Helen Mayer Harrison/Newton Harrison

Ronald Feldman Fine Arts

For two decades the Harrisons have collaborated on environmental projects throughout the world that have anticipated fleeting moments of global consciousness provoked by various ecological crises. “Changing the Conversation,” the title of their recent show of proposals and projects in process, refers to their role as agents who stimulate a dialogue with a community in order to counter assumptions that inform widespread inertia. Their work frequently prescribes a major landscape adjustment, and it is their dialogue that guides and generates these interventions.

The main room was dedicated to their project for the Sava River in Yugoslavia, 1988–90. A series of panels using collaged, panoramic photographs, expository texts, reports of conversations, and philosophical musings describes a process of discovery and problem solving that led to modest but effective solutions. The Sava begins at two northern sources that join to form one of the largest alluvial floodplains in Europe and terminates at the Danube in Belgrade. The entire length of the river is an imperiled environment. Local industries, including a coal mine, paper mill, and atomic-energy plant, have polluted and warmed the water; an extensive network of dams and canals has been built to control the seasonal flooding of plains; and modern farming practices have dangerously altered the environment. The forest area and many forms of wildlife are in dramatic decline.

For over two years the Harrisons made trips to the Sava region, studied and documented sites on the river, and met with residents of the area. Their conversations with the agricultural and industrial communities have shaped an inclusive vision for the area that treats the river as a complex continuum. Their involvement has enhanced awareness while proposing environmental remedies including a reed bed and swamp-purifying network of holding ponds for the warmed affluence from the atomic power plant.

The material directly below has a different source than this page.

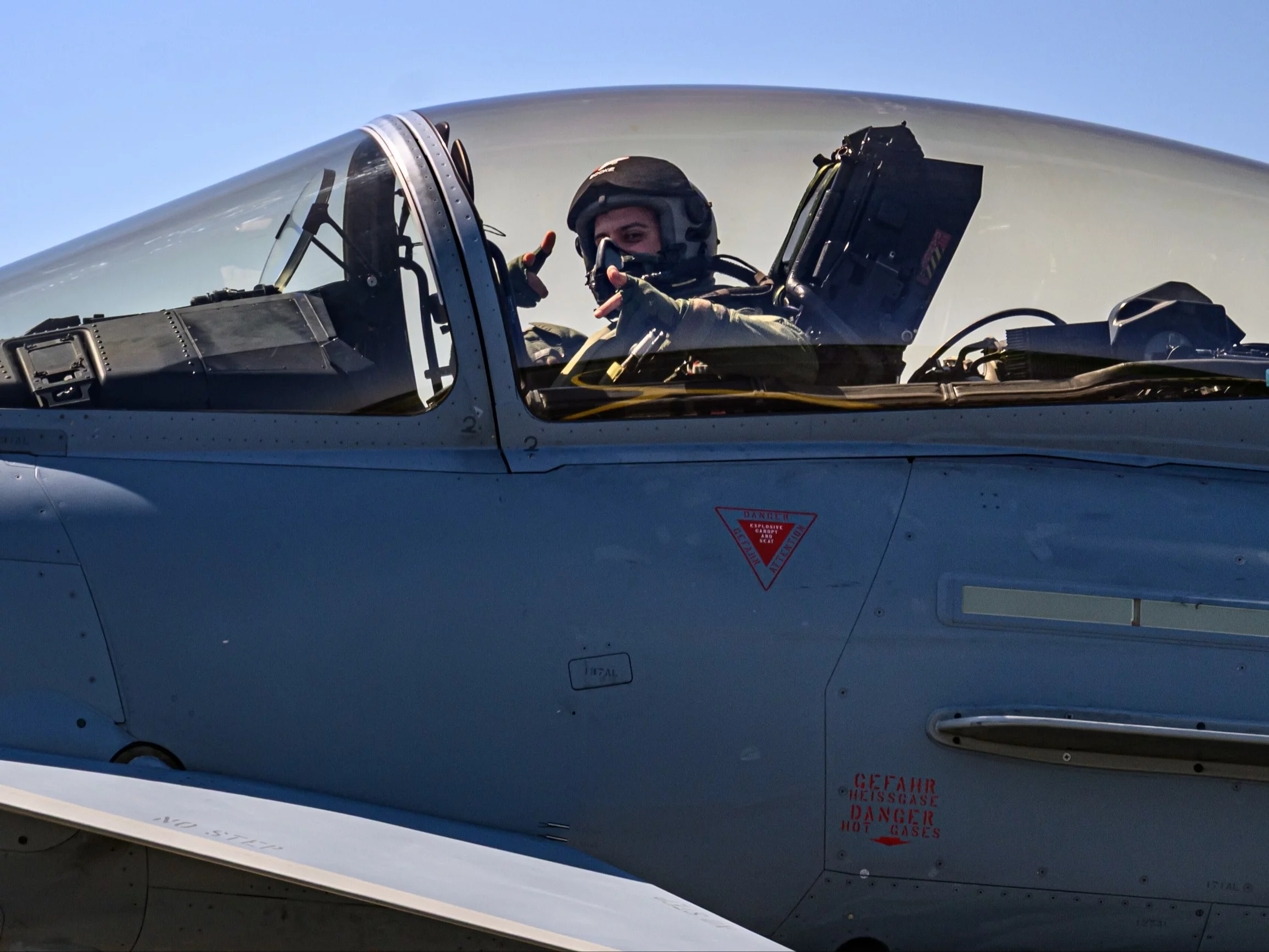 Pilot za sterami myśliwca Eurofighter Typhoon w bazie lotniczej Nörvenich w Niemczech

A recent proposal involves the elevated plateau region of Tibet. The Dalai Lama has proposed an enormous peace park for the unusual site, and the Harrisons were brought in to do first-stage, investigative work on Tibet’s high ground—an area that they describe as the hardest to generate and the easiest to lose. Their aim was to kindle ecological consciousness in an area degraded by overgrazing, abusive agriculture, and deforestation. The documentation includes maps of the region as well as drawings, the abstractions of cartography and the intimate reportage of freehand drawings share equal ground. Their research not only addresses questions local to the geography of the region but provokes consideration of the ways that the world’s oceans constantly reinscribe landmasses and of how jet streams have affected climatic conditions worldwide.

Artists who choose to address conditions in the world must perpetually reinvent their roles and reevaluate their processes for different situations. Conventional measurements of esthetic potency don’t provide much illumination where activism is concerned. The Harrisons’ work invites communities to accept and direct their collective authority to influence environmental factors. These artists function as catalysts; they move into a site, and the discourse they nurture realigns the relations between human action and regional form. They then depart, often leaving little evidence except the promise of activity based on self-conscious programs of renewal.